/dsigma

Pure-python galaxy-galaxy lensing framework for the HSC survey

Primary LanguagePythonGNU General Public License v3.0GPL-3.0

dsigma: A simple pure-python galaxy-galaxy lensing pipeline

Important

  • Please see the new version of dsigma developed by Johannes Lange: https://github.com/johannesulf/dsigma
  • Johannes has made so many improvements and completely re-design a much better interface. At this point, there is no pointing merging it back...Please make sure you use the most updated version.
  • Song Huang, Alexie Leauthaud, Christopher Bradshaw, Felipe Ardila (UCSC), Josh Speagle (Harvard University).
  • dsigma is a pure-python galaxy-galaxy lensing pipeline designed for the Hyper-Suprime Cam survey.

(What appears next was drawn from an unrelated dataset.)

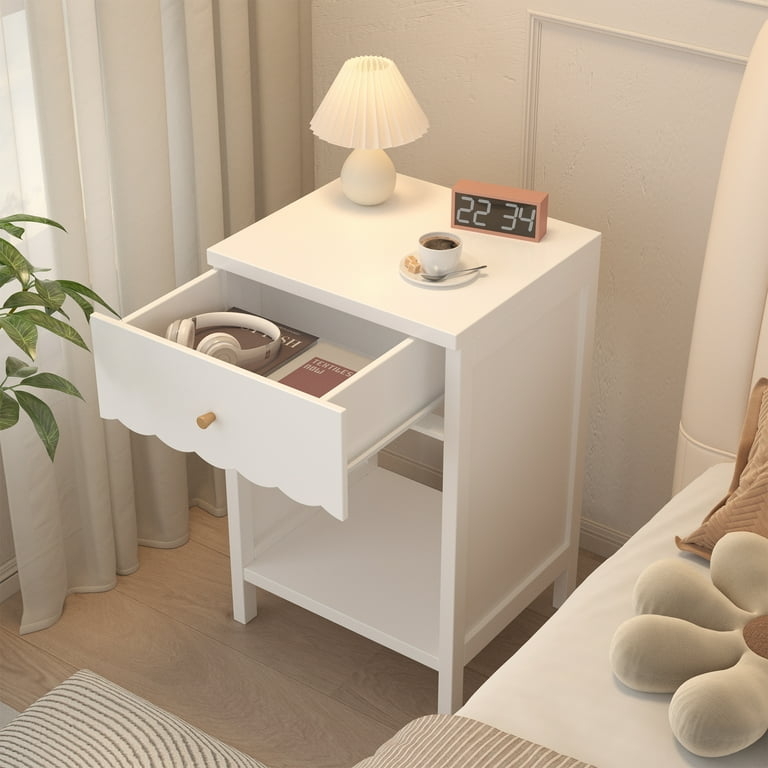 Pair of Nightstands with Scalloped Gallery Rail and Open Shelf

It should be flexible enough to work with other surveys after adapting the same data format.
  • Please see Speagle, Leauthaud, Huang et al. (in prep.) and Huang et al. (in prep.) for scientific background and applications of dsigma.
  • Please see Mandelbaum et al. (2018) for details about the 1st year catalog of HSC weak lensing measurements, and see Mandelbaum et al. (2019) for details about the calibration of shear measurements.
  • Right now, this repo does not contain the HSC shear catalog or any data from HSC. Please use the data from the 1st year public data release on the NAOJ server, or wait for the official release of the shape catalog and other datasets.

dsig_example

Setup

git clone git@github.com:dr-guangtou/dsigma.git
make install_deps

Also make sure that you have the data in the correct format.

Prepare the input data

Pre-compute for each lens-source pair: runPrecomputeDS.py

Forming the final DeltaSigma signal: runComputeDS.py

  • Basic usage:

    • runComputeDS.py config.yaml
    • runCompuveCov.py config.yaml

  • Once the pre-computed results for lenses (and randoms) are ready, you can use the computeDS.py and computeCov.py scripts to form the final DeltaSigma signal and its uncertainty. These scripts also provide the possibility to test the ratio of DeltaSigma signals between two sets of pre-computed results or using two different weights for lenses (and randoms).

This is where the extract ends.